Mona Marzouk in conversation with Aleya Hamza
Mona Marzouk's interest in architectural histories is visible in many of her works – in painting and sculpture as well as site-specific murals and paintings. Blurring the boundary between past and present day, man-made and natural, biomorphic and geometric, personal and political, beautiful and ugly, and masculine and feminine, Marzouk redefines how we see the world. With the sensibility of a maverick architect, Marzouk envisions aesthetic systems that draw on a diversity of cultural traditions but which can only exist in the realm of the imagination. Her early paintings and sculptures reassemble disparate architectural elements from history as well as animal and body parts to construct unified compositions. Castles and cathedrals, crenellations and crustaceans merge together in fluid form. Her compositions, which often float in the center of a frame, reference post-minimalism, with their hard edges and flat expanses of solid color. Her later works take on a more menacing quality. Strong saturated colors and the introduction of black replace a pale, bi-chromatic palette. Through imaginative studies of objects such as flags and helmets, Marzouk tackles politically loaded themes such as war, sports, nationhood, space technology and oil industry and how they habitually manifest themselves in our daily lives. With a whimsical touch, her work pulls us into a futuristic, mythological universe compelling us to forge unexpected relationships between what is otherwise familiar or ordinary.

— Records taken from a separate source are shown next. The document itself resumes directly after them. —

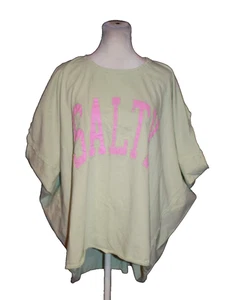 Ragabond Studio Oversized T-Shirt Womens Size Medium M Sage Green " Salty" - Picture 1 of 3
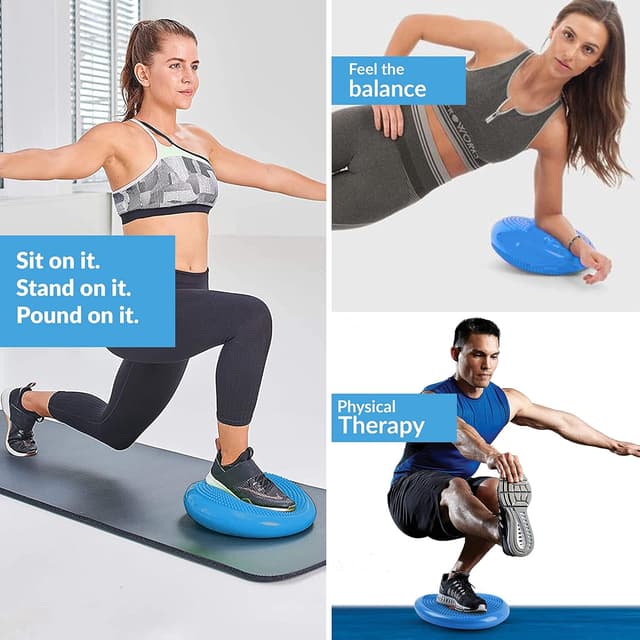 Thumbnail 5 de RFAQK Inflated Air Stability Wobble Cushion (extra thick)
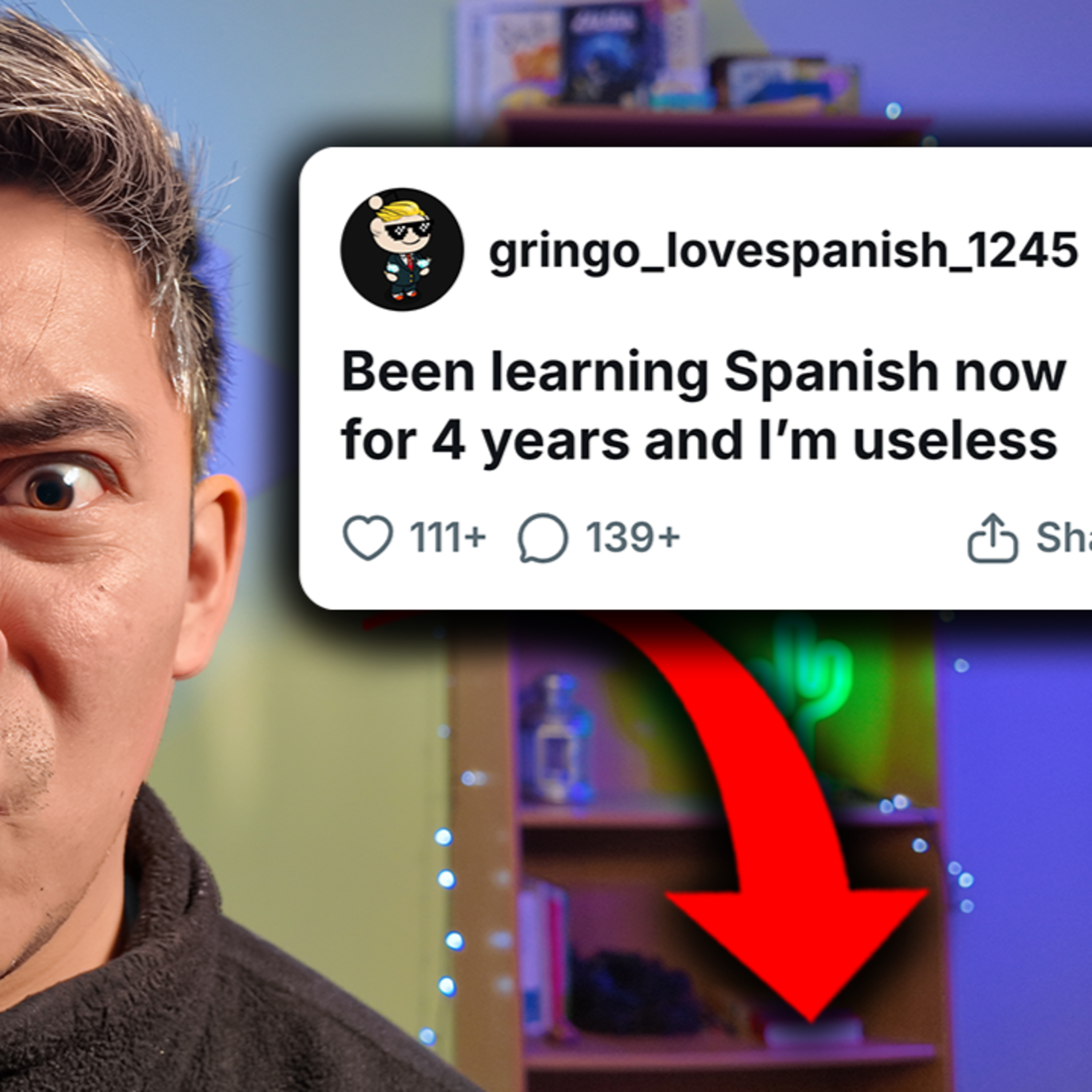 The Spanishacks Podcast #113 | How to achieve Spanish fluency with this SIMPLE PLAN (12 months) episode artwork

Aleya Hamza: You studied at the Dusseldorf Art Academy, which is quite unusual. Most artists from your generation are either self-taught or studied at one of the Fine Art academies in Egypt. How did this happen, and were you trained as a painter and sculptor there?
Mona Marzouk: Initially, I enrolled at the Dusseldorf Academy at the end of 1992 as a guest student, to get into their system. Here in Egypt, the main difference between the early 90s and now is the availability of information and the presence of networks that allow connections to happen. Back in the early 90s there was none of that and you depended largely on bits of information here and there, whatever you could get your hands on to understand what was going on in the world. So when I got the chance to study abroad, I immediately chose the Dusseldorf Academy. Dusseldorf was the academy that I had read was the most exciting in the 80s, with teachers such as Joseph Beuys, Jannis Kounellis, and Nam Jun Paik. In Dusseldorf, I discovered my interest in architecture and the work of artists who were early influences on my work like Richard Artschwager, Magdalena Abakanowicz, and Donald Judd. I studied under a sculptor by the name of Christian Megert who always mixed 2D with 3D and blurred the boundaries between painting and sculpture in an exhibition environment and in public space. But I also attended classes by Nan Hoover, Kounellis and many others so my interests began widening and I started thinking in terms of painting as an expanded field.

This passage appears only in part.